(Stored items)
---
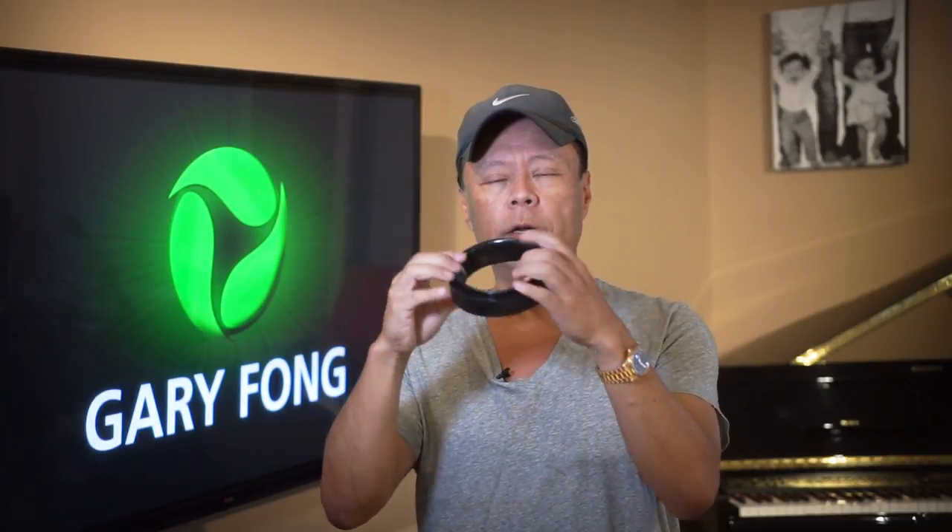All Gary Fong products are made to collapse for the most efficient storage. Simply push the top layer in, then the second layer, and now you've got a flat disc. Just like the Lightsphere Collapsible which folds flat, this is really compact for easy storage and you can put it into our optional kit bags.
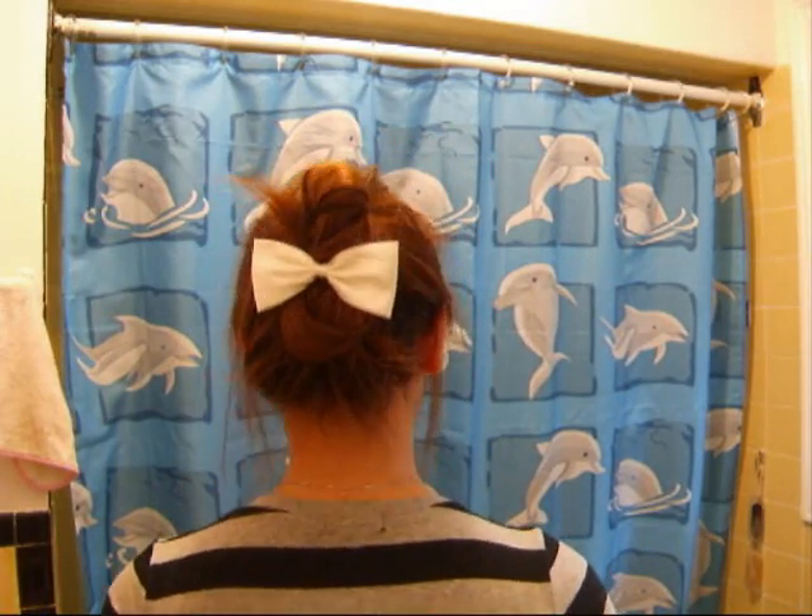Today I'll be showing you guys how to do this updo. From the front it looks really normal, but from the back it looks pretty cool. Well, at least I think it looks pretty cool. So yeah, hope you enjoy!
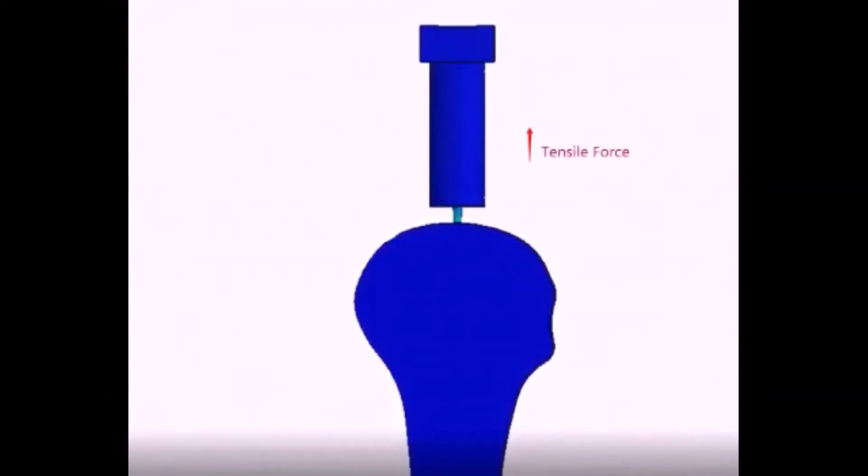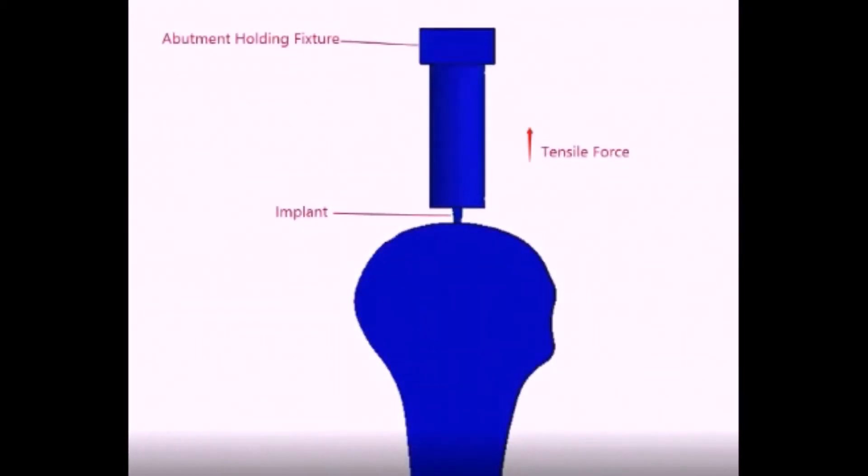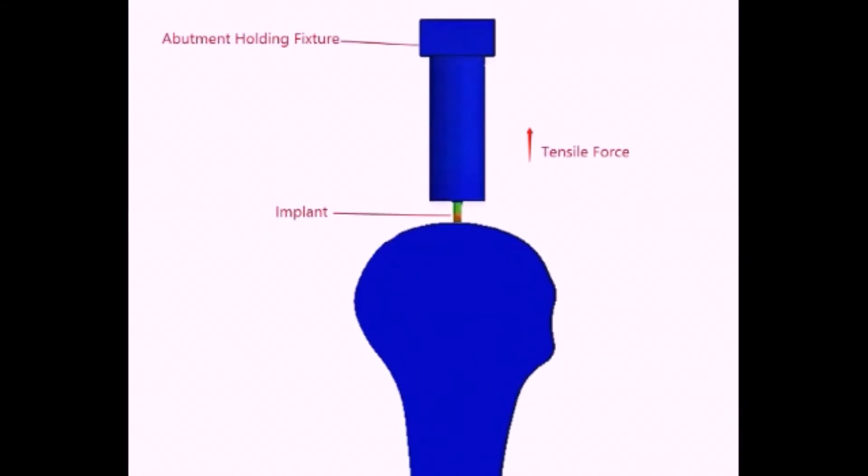Placement of the implant in the bone model follows the drilling protocol. After the implant threads are engaged in the bone model, the bone model is fixed at the bottom pneumatic grip of the machine. The abutment is fixed into the abutment holding fixture, and the abutment fixture is fixed at the top pneumatic grip of the machine.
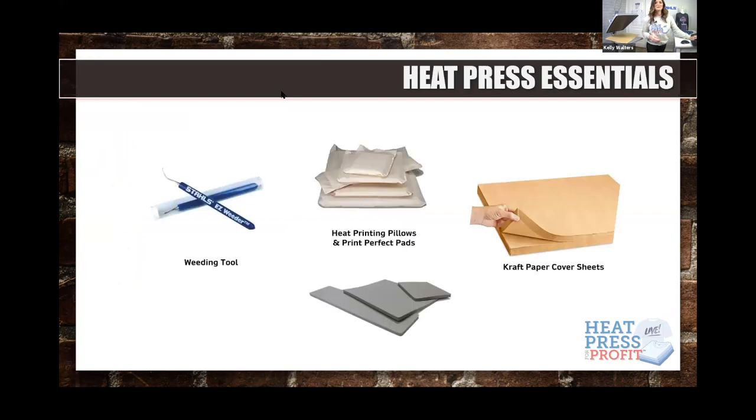Some heat press essentials are very important. If you're cutting and weeding in-house, you need a weeding tool. A big one people overlook is a heat printing pillow, which lets you print on a variety of garments and protects elements that may melt or lack a flat printing surface. Print perfect pads are a really thick, dense pad. Craft paper cover sheets are needed for sublimation vinyls and twill — these tools are essential for success.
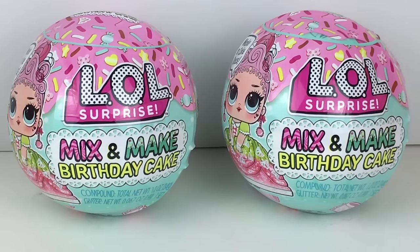Hi everyone, and welcome back to my channel. Today I'm going to be unboxing some of the new LOL Surprise Mix and Make Birthday Cake Mini Doll Capsules.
---
◆ Exercise details
Output the lines, exactly: the first line of the entries above, every line after it, and the line with "Placement of the" as the last. No pictures.

◆ Response to this exercise
All Gary Fong products are made to collapse for the most efficient storage. Simply push the top layer in, then the second layer, and now you've got a flat disc. Just like the Lightsphere Collapsible which folds flat, this is really compact for easy storage and you can put it into our optional kit bags.
Today I'll be showing you guys how to do this updo. From the front it looks really normal, but from the back it looks pretty cool. Well, at least I think it looks pretty cool. So yeah, hope you enjoy!
Placement of the implant in the bone model follows the drilling protocol. After the implant threads are engaged in the bone model, the bone model is fixed at the bottom pneumatic grip of the machine. The abutment is fixed into the abutment holding fixture, and the abutment fixture is fixed at the top pneumatic grip of the machine.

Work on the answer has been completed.